R – Não. Não casei. Namorei, falo já namorei três vezes sério, sempre namoros longos, mas que nunca deram em nada assim. Eu acho que se eu tivesse namorado menos, namorado mais em menos tempo talvez teria dado mais certo. Mas eu sonho ainda assim em casar e ter filho. Eu falo que depois do último relacionamento eu falo: “Não quero mais saber de relacionamento que só dá trabalho”. E aí eu foquei muito na minha parte profissional, foi quando eu comecei a assumir a coordenação, assistente de projeto, coordenação pedagógica, consegui viajar pra Alemanha pela Casa Mateus. Então eu falo, esse tempo que eu fiquei sozinha foi bom por isso, porque eu fortaleci o meu lado profissional. E hoje eu vejo que eu tenho que agora cuidar do meu emocional, porque eu não quero ficar velhinha sozinha. Quero casar, quero ter filho.

P/1 – E como é que foi essa viagem pra Alemanha?

R – Olha, essa foi uma oportunidade assim muito rica. Uma porque eu nunca tinha andado de avião, então a primeira viagem de... E morria de medo, falava: “Nunca vou entrar num avião”. E aí a primeira oportunidade que tem pra eu andar de avião é pra ir pra Alemanha representar a Casa Mateus juntamente com um parceiro. Então fui eu e uma amiga daqui da casa também que era educadora, Joelma, é mediadora de leitura a Joelma, então nós fomos pra Alemanha representar a casa. Então é uma visão muito grande. Pra mim foram duas coisas marcantes, uma a primeira viagem de avião e ficar quase 13 horas nele. Então imagina, pra quem nunca tinha andado ainda vai a primeira vez ficar 13 horas é algo meio estranho. E chegando lá você pensa: “Nossa, que país desenvolvido”. É uma cultura muito diferente mesmo, é coisa de primeiro mundo.
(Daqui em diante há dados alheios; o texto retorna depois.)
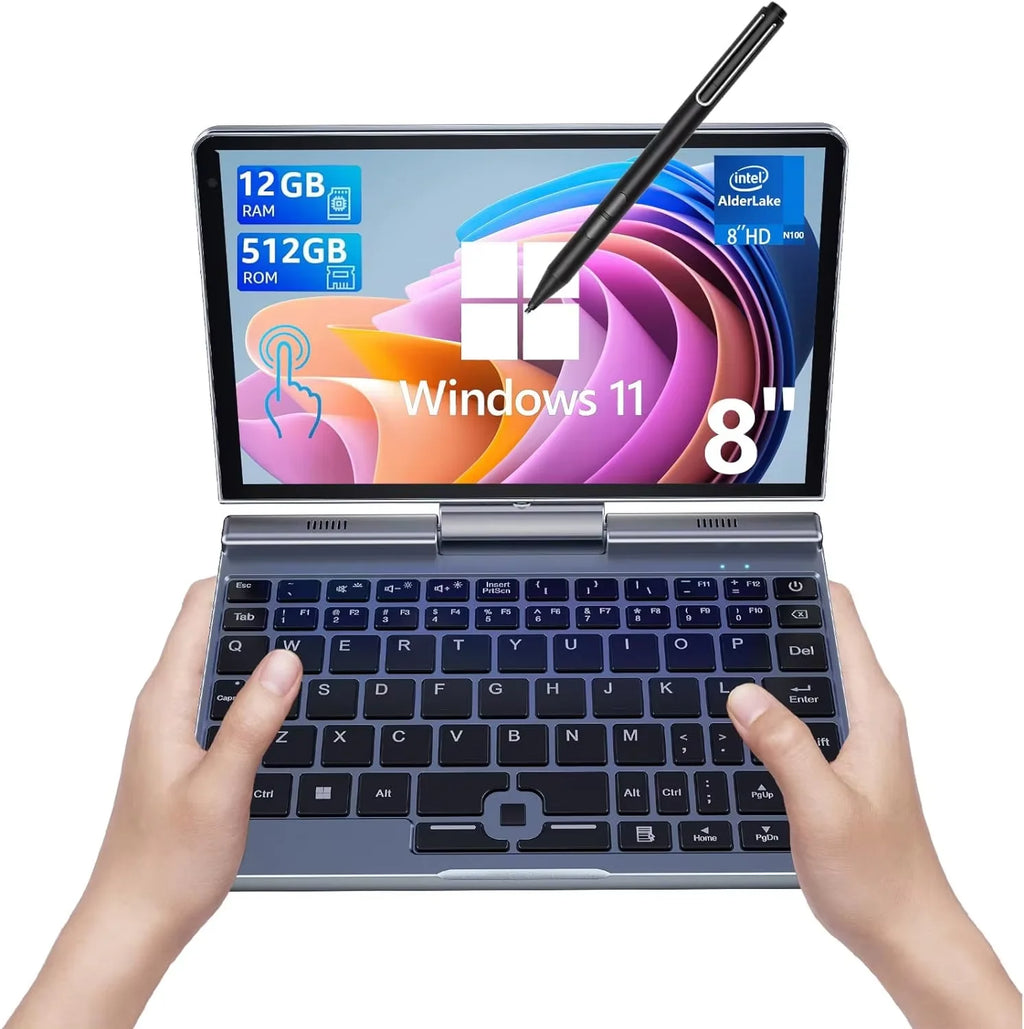 Portable Mini Laptop windows OS 8 Inch Touch Screen Notebook N150 12GB+1TB IPS Small Notebook Portable PC Micro Computer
O que o brasileiro tem de afetivo muito dos alemães não têm, mas é sempre um contraponto, que nós temos muitas coisas boas, eles também têm, e assim as coisas vão se complementando.

P/1 – Tá bom. E o que é a coisa mais importante assim pra você hoje?

R – Pra mim? A minha família. Ter meu pai, minha mãe.

P/1 – E quais são seus sonhos?

R – Eu acho que é ter a minha família. Ter meu marido, ter meu filho ou minha filha. Chegar no final do ano, conseguir montar a árvore de Natal com todo mundo. Eu gosto de muita gente, eu gosto de família grande e a minha família é grande, mas não é daqui. Meu pai eles são 12 irmãos, alguns são falecidos, mas ainda moram no Nordeste, né? Eu tenho o meu pai e tenho um tio que a gente voltou a se falar já faz alguns anos. Então a gente tem uma família que hoje ela é um pouco maior do que a gente tinha. E a família da minha mãe também é pequena, eles são cinco irmãos, duas mulheres e três homens, os três homens já são falecidos, e eu tenho essa minha tia Célia. Então a minha família é grande e é pequena ao mesmo tempo. Então tenho vontade de ter uma família grande, mas com 35 anos eu sei que eu não vou conseguir muito, mas meus filhos quem sabe?

P/1 – E tem alguma coisa que eu não perguntei que você gostaria de acrescentar?

R – Eu acho que não. Eu acho que nós conversamos sobre tudo.

P/1 – E como é que foi contar a sua história assim aqui hoje?

R – Olha, emocionante porque eu sou chorona então eu tenho que me segurar muito. São coisas que você às vezes relembrar... A gente nunca para. Eu acho que o tempo é tão corrido que a gente nunca para pra avaliar o que a gente fez, o que não fez. Quando ontem eu comecei a procurar, que a Tati não tinha dito pra mim das fotos, então quando veio o e-mail das fotos, de falar você tem que encontrar de seis, seria bom de seis a dez fotos, e aí eu comecei a procurar as fotos e eu comecei a voltar, resgatar minha história. Então você começa a olhar cada coisa e ver como que você evoluiu mesmo e com certo saudosismo, que infelizmente ou felizmente o tempo não volta então a gente tem que aproveitar ao máximo. Eu falo, eu prefiro me arrepender as coisas que eu fiz do que das coisas que eu não fiz.

P/1 – Tá bom. Então muito obrigada pela sua entrevista, abrir a Casa aqui pra gente.